Power moves

Most of the problematic tendencies in our disaster-prone society seem to be aspects of one simple principle: being willing to use your power to gain more power is the way to success and general approbation.

I suppose this is an unsupported generalization, and that I’m painting things with a broad brush. I’d certainly be hard-pressed to come up with a large array of supporting instances of this principle, but it is an idea that’s been growing in my mind for some time now.

The most recent events on the national stage that have brought this up for me are the Republican tax bill, which they’ve finally managed to pass–an act of pure power in itself–and the flurry of defensive rationalizations around the men who’ve been accused of sexual predation. Though these two things seem to be unrelated, they share an etiology: abuse of power.

The tax bill is essentially a bold, crass move by the people who hold the reigns of power in the U.S. (the wealthy owner class, not the pathetic politicians who do their bidding for the crumbs from the table) to consolidate their gains as they become more and more in control of everything. They don’t really need more money, but they have an insatiable need for power, and that’s what control of so much of our national wealth gives them: nearly unlimited power. Including the power to keep us convinced that it’s in our interest.

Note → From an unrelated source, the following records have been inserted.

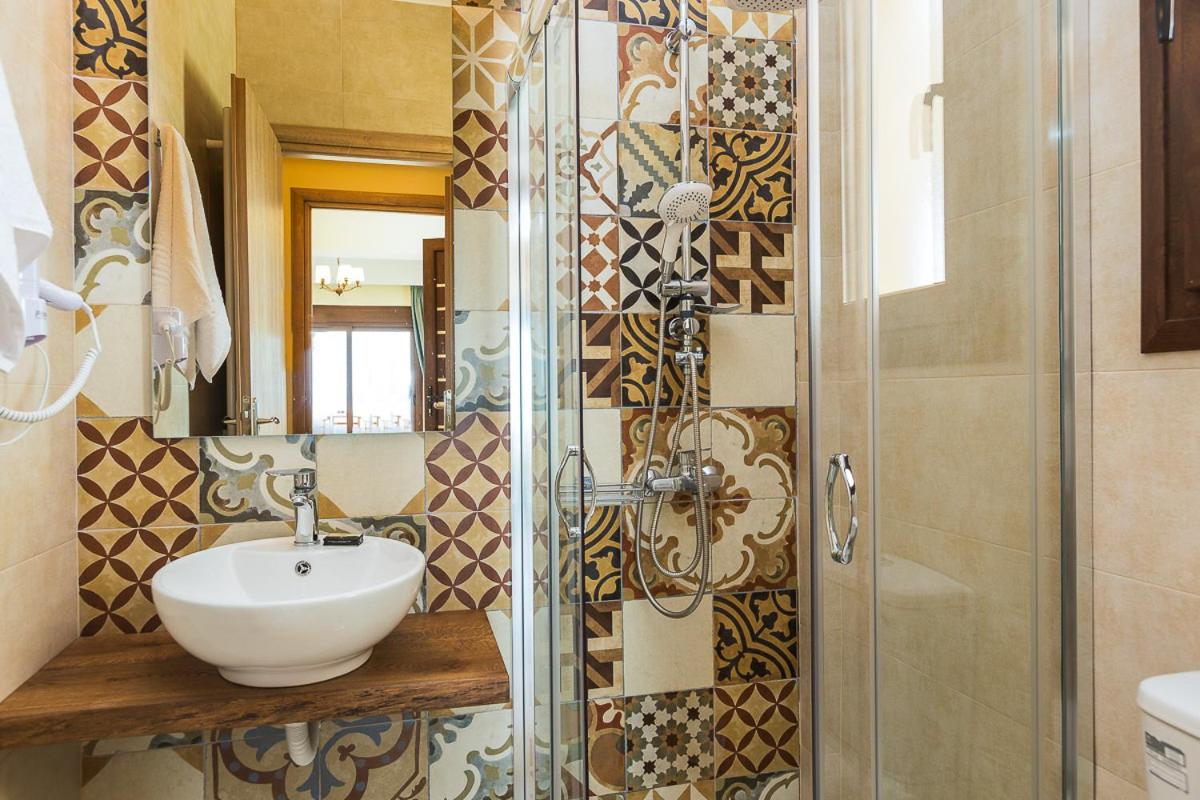 Roupes Villa I, Family villa, Fantastic views, Private pool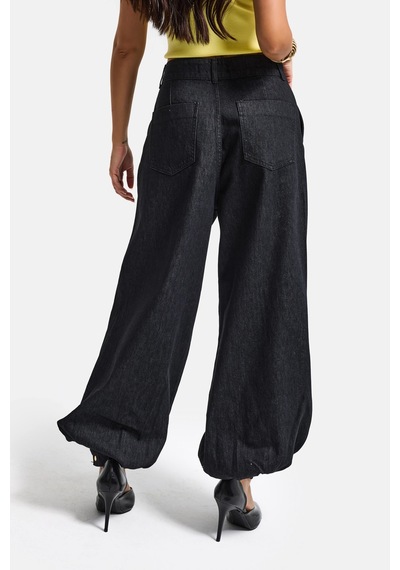 Itsbasic Kadın Su Yıkama Siyah 7s6-51 Jogger Fit Paça Detaylı Özel Tasarım Denim Jean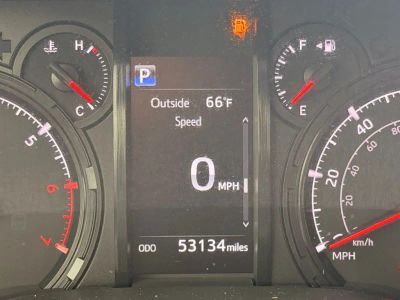 2022 Toyota 4Runner - Photo 3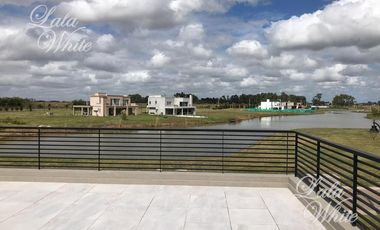 Casa en alquiler con vista a la laguna en La Providencia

Why they want this power is a question for deeper psycho-social analysis than I’m equipped to make, but it seems to be a product of some pretty deep-seated emotional hurt and fear that just grows as it is fed. I’ve long been convinced that most anger and hatred and evil-doing is based in fear, which usually has come from some kind of hurt. Like most of our negative psychological states, when we feed it the emotional poison of exerting our will over that of another, the negative state grows and requires bigger and bigger doses of power to assuage the pain.

In the same way, the sexual predators are not really interested in sex, they’re much more into the wielding of power over others, because that’s what seems to satisfy the need for self-reification and aggrandizement that drives them. Since sex is, in some ways, the ultimate thing one can give another person, it’s also the ultimate thing one can forcibly take from another person when one has some kind of power over them.

I can’t imagine how such so-called sex could actually bring the kind of gratification that sex does, because in these kinds of forced sex, one would be aware that the only reason it was happening was because of the power relationship. The truly bonding and gratifying aspects of sex, the source of the happiness it brings, are that it is freely engaged in between people who love and appreciate each other and who give of themselves to each other. Willingly. Elements which are totally lacking in forced sex.

Whether the power is physical, as in the normal idea of rape, or some kind of control over the conditions of the others’ life, as with bosses or directors or such relationships, it’s still power, and it’s the abuse of that power that is wrong.

Putting the other person in the position of having to make a difficult decision… assent or lose a vital job, role, or other aspect of ones life, that is the crux of what makes this behavior wrong. Saying, as some defenders have, that the victim should have ‘just said no’ or some other facile notion of resistance and refusal, ignores the true nature of the power relationship between the perpetrator and the victim in these cases.

Digging into this national pathology is painful, but it seems necessary if we are to grow and develop in constructive ways as a society.